- Dataset excerpts

== Segment start ==

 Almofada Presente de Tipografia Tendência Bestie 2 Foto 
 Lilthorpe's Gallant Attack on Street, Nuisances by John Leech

== Segment end ==
== Segment start ==

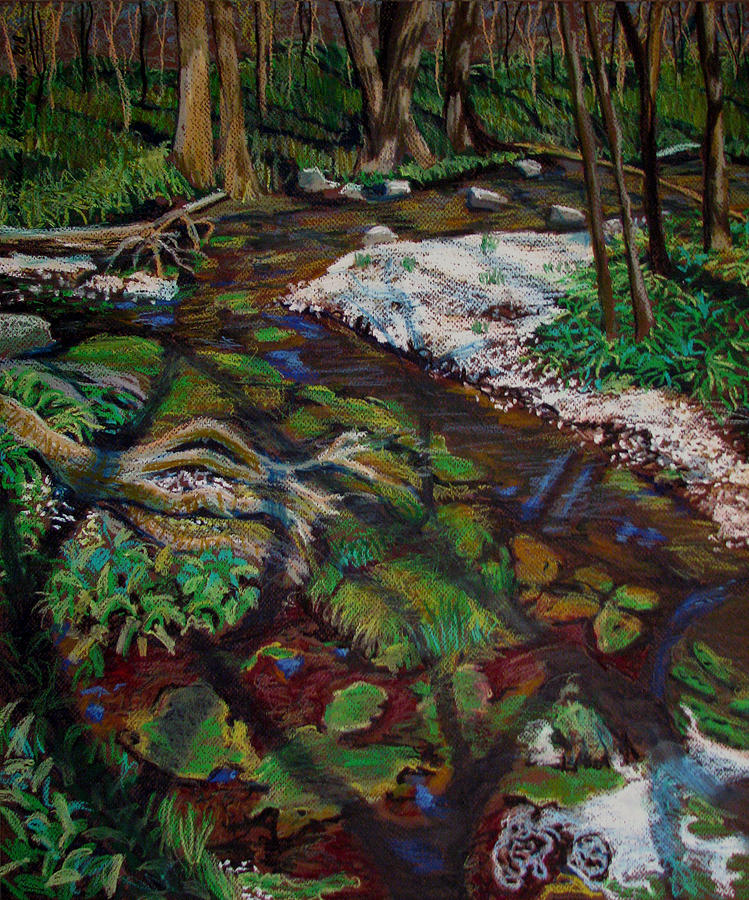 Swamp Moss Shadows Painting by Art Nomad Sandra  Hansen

== Segment end ==

- Work instructions
Take the records above and return, word for word, only the lines that fall from the line with "Almofada Presente de" to the line with "Lilthorpe's Gallant Attack", both of them included.

- Reply to the task
 Almofada Presente de Tipografia Tendência Bestie 2 Foto 
 Lilthorpe's Gallant Attack on Street, Nuisances by John Leech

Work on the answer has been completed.